After successful pairings with Chris Tucker and Owen Wilson, I can understand Hollywood's impulse to team Jackie Chan with an American female star, but surely the makers of THE TUXEDO (DreamWorks Home Entertainment) could have snagged someone better than Jennifer Love Hewitt, right? To be fair, though, the bimbo starlet's miscasting as a brainy CIA agent is just one of the problems with this unexciting action comedy, which squanders an interesting premise--average joe chauffeur (Chan) is endowed magical martial arts abilities by wearing a secret agent's a high-tech tux--through uninspired action sequences and even more tired gags.
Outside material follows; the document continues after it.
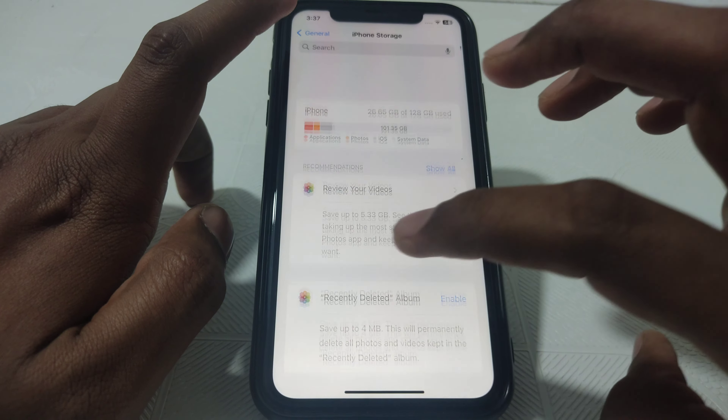First, you have to simply close the Mail app and exit it completely.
At least the DVD format allows one easy access to film's one clever sequence, a late bit where Chan must fend off baddies while trying to keep an insect trapped against Hewitt's face (long story). The DVD also includes deleted and extended scenes, a routine HBO making-of featurette, production notes and more.
ROAD TO PERDITION (DreamWorks Home Entertainment) was positioned in every way possible as a heavyweight awards contender (a sterling cast led by two Oscar winners and another nominee; an Oscar-winning sophomore director; a classy ad campaign in the trade papers)--every way, that is, except in terms of release date, and its dead-of-summer opening undoubtedly played some part its virtual non-presence in all year-end awards, let alone the Academy Award nominations. Playing a larger part, I think, is the fact that Sam Mendes's adaptation of the Max Allan Collins/Richard Piers Rayner graphic novel plays better as a moody audiovisual evocation of Prohibition-era Chicago than as a fairly simple tale of revenge involving a mob hitman's (Tom Hanks) hunt for revenge with his eldest son (Tyler Hoechlin). Subsequent viewings on DVD reinforce this belief although though the late Conrad L. Hall's gorgeous Oscar-nominated cinematography suffers from the downsizing; the performances by Hanks, Paul Newman (Oscar nominated for his work as the mob boss/father figure) and Jude Law (as an assassin), however, are made more prominent by the smaller screen. The DVD includes (subtitled!) commentary by Mendes, an HBO making-of documentary, a photo gallery, production notes and--unlike the DVD of Mendes's AMERICAN BEAUTY--deleted scenes, including Anthony LaPaglia's cameo as Al Capone.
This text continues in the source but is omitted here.